In the listing below, locate the line that contains "extracted_2240-Slic3r Settings_6.png" and the line that contains "I Was Reborn". Restate word for word those two lines and every line between them, and nothing else.

Provided records =
»»
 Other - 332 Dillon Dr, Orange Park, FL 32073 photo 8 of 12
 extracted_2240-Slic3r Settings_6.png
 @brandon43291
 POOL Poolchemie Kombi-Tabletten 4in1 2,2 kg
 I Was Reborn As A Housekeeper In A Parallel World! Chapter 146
««
»»
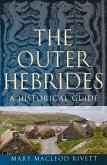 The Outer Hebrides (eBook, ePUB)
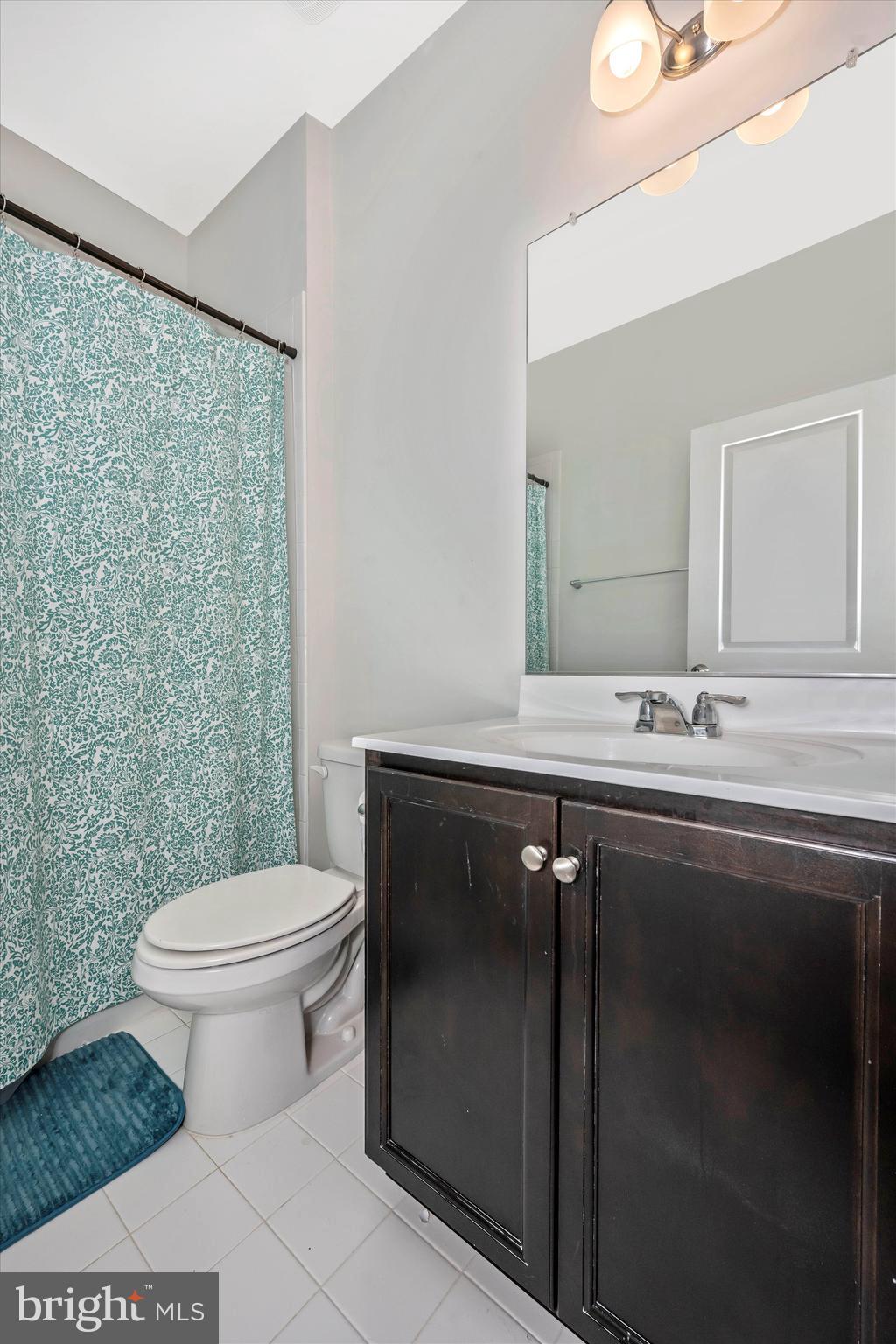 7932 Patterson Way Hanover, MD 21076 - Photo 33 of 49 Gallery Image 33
««
»»
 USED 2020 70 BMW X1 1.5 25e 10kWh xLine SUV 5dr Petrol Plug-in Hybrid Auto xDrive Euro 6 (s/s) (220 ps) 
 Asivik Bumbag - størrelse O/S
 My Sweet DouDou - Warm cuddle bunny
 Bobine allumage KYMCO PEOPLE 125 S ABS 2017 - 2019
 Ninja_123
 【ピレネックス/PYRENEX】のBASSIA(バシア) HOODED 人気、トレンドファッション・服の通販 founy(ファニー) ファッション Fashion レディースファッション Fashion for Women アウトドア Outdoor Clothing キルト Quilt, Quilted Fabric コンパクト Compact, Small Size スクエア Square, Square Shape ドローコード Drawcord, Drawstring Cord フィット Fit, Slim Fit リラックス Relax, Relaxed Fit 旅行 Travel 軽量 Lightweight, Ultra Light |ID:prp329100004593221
««
Solution to this problem =
 extracted_2240-Slic3r Settings_6.png
 @brandon43291
 POOL Poolchemie Kombi-Tabletten 4in1 2,2 kg
 I Was Reborn As A Housekeeper In A Parallel World! Chapter 146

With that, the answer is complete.